Are you feeling constrained running your business from your desktop or laptop?
Chances are if you have more than a couple of users, the time has come to invest in your own server. It might feel like a big step for a small to medium business (business) to take, but the functionality, time savings, improved security and peace of mind are definitely worth considering.
Let’s take a look and understand what a server is and how it could help drive the growth of your business.
What is a server?
A server is a computer that acts as a centralised store for all the data and applications your business uses every day. Think email, messaging apps, shared printers, databases, calendars, an intranet and any dedicated software programs. Not only is a server more powerful than a desktop or laptop, but it is engineered to run 24/7 and allows multiple user access. Contrast this with a desktop PC or laptop which only serves one user and has limited connectivity with other machines.
How can a server help your business?
So, why do you need one, and how can it help your business perform more efficiently?
The most obvious benefit of a server is that it makes it easy to access your data. Everyone connected to your network can share and collaborate seamlessly. You can also easily roll out security or software updates to all your users via your server. With multiple processors, a server will also power through resource-intensive tasks and crunch data quickly – jobs a PC will struggle with. And with mirrored hard drives, your data is secure if one fails or if a desktop/laptop hard drive dies.
Do you need your own server?
If your business has two or more computers, chances are you will work more efficiently with a dedicated server. The increased data capacity, seamless resource sharing, improved performance and security of your own server will transform the way you work.
The next step is to decide what type of server suits your needs.
Your business server options
You have various options when it comes to selecting a suitable server:
Buy or build your own: If you are practical and a little IT savvy, you can buy or build your own on-premises server. Here you need to consider some practicalities such as performance specs and whether it has the capacity to expand. You want a unit that’s scalable and can grow with you as you add applications and staff members to your team. Entry-level servers are about the price of a desktop PC, but with more resources for data management. Prices escalate as you add more features such as storage and processor speed.
The con of this DIY approach is that you need to have the time and know-how to dedicate to setting it up and maintaining it. You also need to factor in the purchase of the hardware and the running costs into your budget.
Managed service: Your other option is to outsource this function to a managed service.
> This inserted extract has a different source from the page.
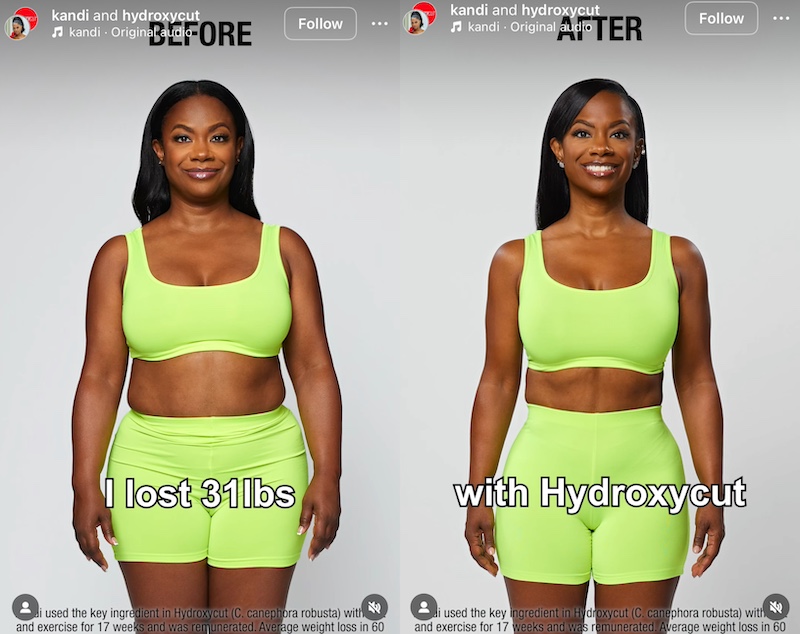 RHOA Kandi Burruss Shows Off 31 Pound Weight Loss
If you have the budget you can either rent an on-premises unit or use a cloud-based service. Both take the day-to-day hassle of maintaining the hardware component off your hands. You can also easily increase your capacity by buying more space on a cloud server or upgrading your service without purchasing new hardware.
The downside of this option is that you need to be able to trust any provider with your information. If you are using a cloud service, your data is also not on-premises and access could be problematic if there is an outage.